When asked if he has ever flown with Ryanair, he said: “I flew Ryanair once before I started EasyJet and not since then. But I fly EasyJet regularly. Plus, I don’t need to go anywhere they fly.”

Stelios said he now spends up to 25 per cent of his time on philanthropic activities.

This includes a project in his native Cyprus following the recent financial bailout of the island that involved deposits being raided by the Government.

“In reality, what happened was quite outrageous,” he said. “And the world has forgotten about it.

“I knew that would create a very big problem in Cyprus so I started a very simple programme of handing out a daily snack to people in Cyprus who were in need. We are now trying to expand it.

“Because I felt almost guilty that I’m enjoying myself in places like this [Monaco] and people in Cyprus are suffering, I said I have to do something to give back in a very down-to-earth and tangible way.”

He has also supported financially about 20 projects that involve both Greek and Turkish businesspeople on Cyprus.

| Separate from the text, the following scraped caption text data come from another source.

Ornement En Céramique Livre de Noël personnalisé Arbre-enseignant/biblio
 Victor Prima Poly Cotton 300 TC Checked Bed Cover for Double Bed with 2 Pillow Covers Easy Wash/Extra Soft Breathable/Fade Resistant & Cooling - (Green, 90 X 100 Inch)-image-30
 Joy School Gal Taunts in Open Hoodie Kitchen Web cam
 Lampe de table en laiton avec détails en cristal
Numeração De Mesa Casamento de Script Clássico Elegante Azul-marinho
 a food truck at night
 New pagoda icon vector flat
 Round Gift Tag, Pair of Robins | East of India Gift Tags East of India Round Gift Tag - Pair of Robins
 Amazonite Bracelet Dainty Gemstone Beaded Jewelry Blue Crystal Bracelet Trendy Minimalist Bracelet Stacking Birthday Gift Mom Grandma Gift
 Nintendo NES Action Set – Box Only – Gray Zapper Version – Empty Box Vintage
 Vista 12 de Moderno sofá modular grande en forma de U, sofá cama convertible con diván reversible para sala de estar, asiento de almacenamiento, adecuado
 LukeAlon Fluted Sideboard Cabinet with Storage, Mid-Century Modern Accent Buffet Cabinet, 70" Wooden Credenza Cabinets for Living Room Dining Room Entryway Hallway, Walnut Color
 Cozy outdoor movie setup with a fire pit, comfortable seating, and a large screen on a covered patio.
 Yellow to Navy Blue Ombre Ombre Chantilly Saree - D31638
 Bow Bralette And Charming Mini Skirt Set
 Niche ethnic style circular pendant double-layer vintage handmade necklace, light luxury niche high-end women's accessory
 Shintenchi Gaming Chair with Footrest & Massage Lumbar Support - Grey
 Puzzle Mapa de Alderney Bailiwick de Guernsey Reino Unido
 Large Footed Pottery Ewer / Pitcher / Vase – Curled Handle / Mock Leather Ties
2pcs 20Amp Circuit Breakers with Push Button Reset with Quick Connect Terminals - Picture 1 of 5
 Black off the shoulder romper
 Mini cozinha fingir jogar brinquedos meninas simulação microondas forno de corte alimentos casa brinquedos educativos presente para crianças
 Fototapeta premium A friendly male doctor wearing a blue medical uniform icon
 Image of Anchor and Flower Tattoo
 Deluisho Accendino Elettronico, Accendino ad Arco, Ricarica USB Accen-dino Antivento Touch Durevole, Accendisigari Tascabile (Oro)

“I subsidise Greek and Turkish entrepreneurs to do business together,” he said. “We have a duty to give back. It’s not an option.”


Fastjet
Stelios is also a small investor in Tanzania-based Fastjet, which is seeking to become the first pan-African airline seeking to offer low cost flights.

He said Africa was the “final frontier” for budget airlines given that low cost flights are available in most other continents.

“Africa is a difficult place to do business,” he said. “There is no open skies. It’s like trying to invest in Europe in the 1980s. Is this the right time in Africa? Should we wait five years? Who knows.

“For me, it’s a low risk opportunity for a venture that might be pioneering.

“We’ll see what happens, but it’s risky.”